Not only was the study an important advance in understanding how APOE4 may undermine brain function, and maybe how to treat it, but also it highlighted the value of an emerging strategy in studying Alzheimer’s disease and assessing it in patients: polygenic risk. Scientists are beginning to realize that they need to know how genetic variants may combine and accumulate to affect disease risk for patients, Tsai said.
“It’s a concept people have talked about for a long time, but I think now people are finally beginning to think seriously about how to work on it,” Tsai said. “Someone’s risk for developing Alzheimer’s is probably in large part based on their genetics—how many risk alleles they carry.”
The same is likely true in bipolar disorder, said Elly Nedivi, William R. and Linda R. Young Professor of Neuroscience in the Picower Institute. In 2019 in Molecular Psychiatry, she showed how single and combinations of variants in the gene SYNE1 appear to undermine the ability to regulate synaptic strength in bipolar disorder. However, none of these variants which affect expression or function of CPG2, a key protein encoded by SYNE1, are sufficient to outright cause bipolar disorder on their own. Instead they likely increase a susceptibility that is influenced by many factors – much like family history contributes to the chance of developing heart disease, but is not deterministic on its own.
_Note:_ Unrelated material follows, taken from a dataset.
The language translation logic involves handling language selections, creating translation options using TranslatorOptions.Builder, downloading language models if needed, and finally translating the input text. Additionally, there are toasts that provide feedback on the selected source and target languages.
“It’s a risk—its something that’s against you, but the question is what else do you have going for you?,” Nedivi said. “The constellation of SYNE1 variants in combination with the rest of your genetic makeup, as well as other factors in your life will determine together whether you will develop the disease.”
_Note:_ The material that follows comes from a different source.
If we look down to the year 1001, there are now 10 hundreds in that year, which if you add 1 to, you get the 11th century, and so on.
Nedivi’s lab discovered CPG2 while screening neurons for proteins whose expression depends on synaptic activity. Their 2004 study in Neuron revealed that CPG2 is expressed in an area right next to excitatory synapses that helps to traffic receptors for the neurotransmitter glutamate to the synapse. As such, it is important for helping synapses adapt to activity levels by adding or removing these receptors.
In the 2019 study, Nedivi’s research team identified several SYNE1 variants in people with biopolar disorder and tested the effect of these variants on CPG2 level and function in rat neurons. They found that the different genetic aberrations undermined CPG2 in various ways— by reducing its expression, or attenuating its ability to regulate glutamate receptor trafficking, particularly in response to changes in synaptic transmission, when it’s most needed.. The study was the first to connect the finding of genetic factors in bipolar to a specific physiological mechanism in the brain.
Nedivi’s lab is following up on the findings. This fall she hired a new postdoctoral researcher to continue this work, in particular to test whether the detrimental affects of bipolar patient mutations in CPG2 can be counteracted pharmaceutically.
“I love this project,” Nedivi said. “I think it has enormous potential for both therapeutics, as well as diagnostics.”
After all, as in the other ongoing efforts of Picower Institute researchers, it represents the rewarding possibility—even if it’s a steep climb—of going from identifying genes, to developing neuroscientific understanding, to treating devastating diseases.